Australians understand that nuclear weapons kill indiscriminately and widely. Most of us know that the effects of nuclear weapons last for decades and longer. We also know that using nuclear weapons is simply a step too far in the name of security. The impact on humanity would be an unacceptable catastrophe.
Yet many of us don’t know that today there are more than 15,000 nuclear weapons, each one far more powerful than those used in Japan in 1945. It’s also alarming that 1,800 bombs are always on high alert.
Many may not remember that nuclear bombs killed as many as 210,000 people in 1945. Thousands have died since from sickness caused by the nuclear fallout.

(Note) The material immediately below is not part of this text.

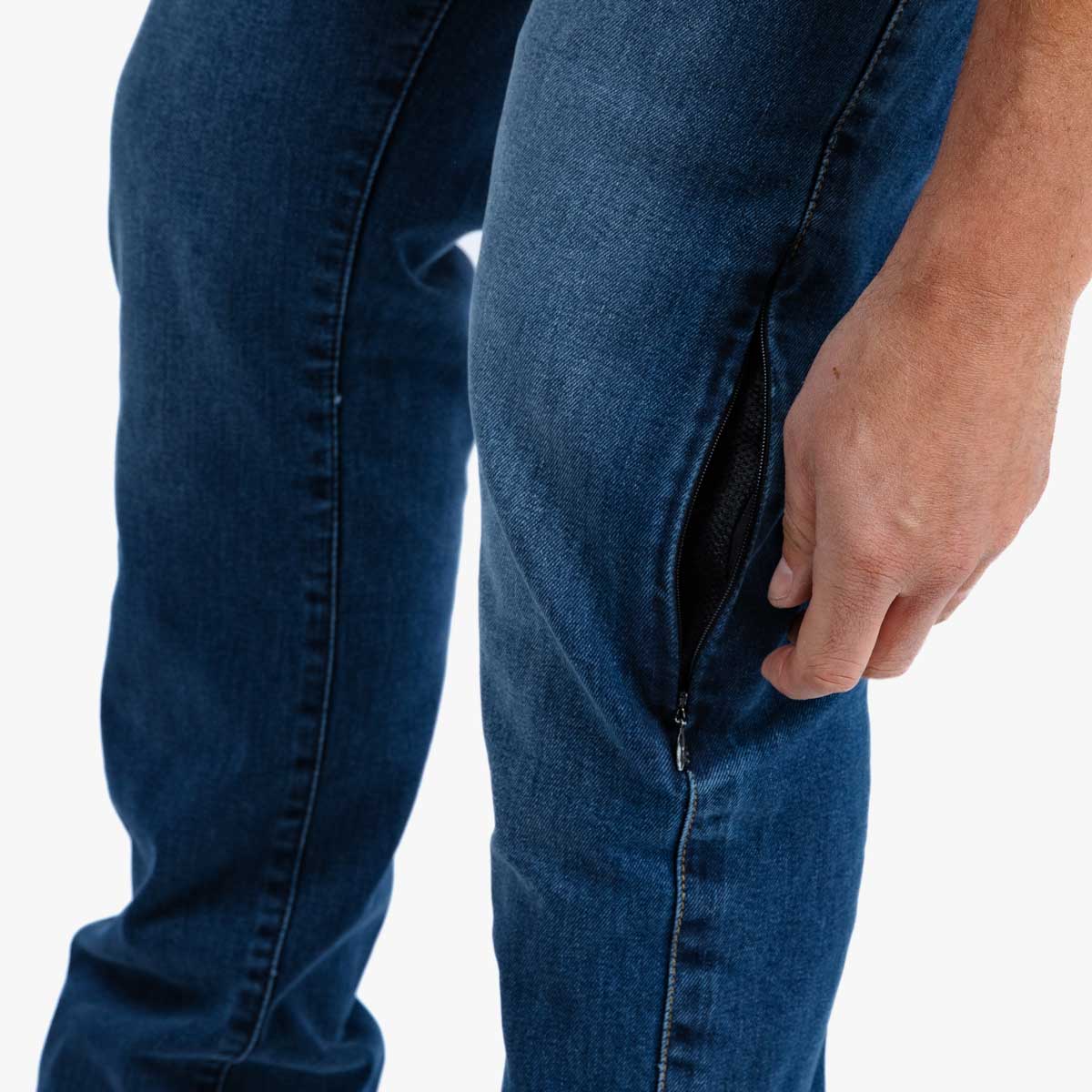 Spada Drifter CE Mens Jeans Short Leg Washed Blue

And the fallout still causes daily suffering for too many Japanese families.
Even closer to home Indigenous Australians still suffer from the effects of nuclear weapons testing in their homelands at Maralinga, from 1956-1963.
In 1945, the International Red Cross, Red Crescent Movement called on all “States to ensure they are never used again and to prohibit their use and eliminate them.”
World leaders are inching closer to making this happen.
Australian and global leaders increasingly recognise that the perceived security that modern nuclear weapons provide is at the risk of indiscriminate killing, widespread suffering and environmental damage on a massive scale.
They understand that every day, the risks mount of a nuclear incident triggered by aggression, an accidental explosion and cyber-attack or of nuclear weapons being appropriated by malicious armed groups.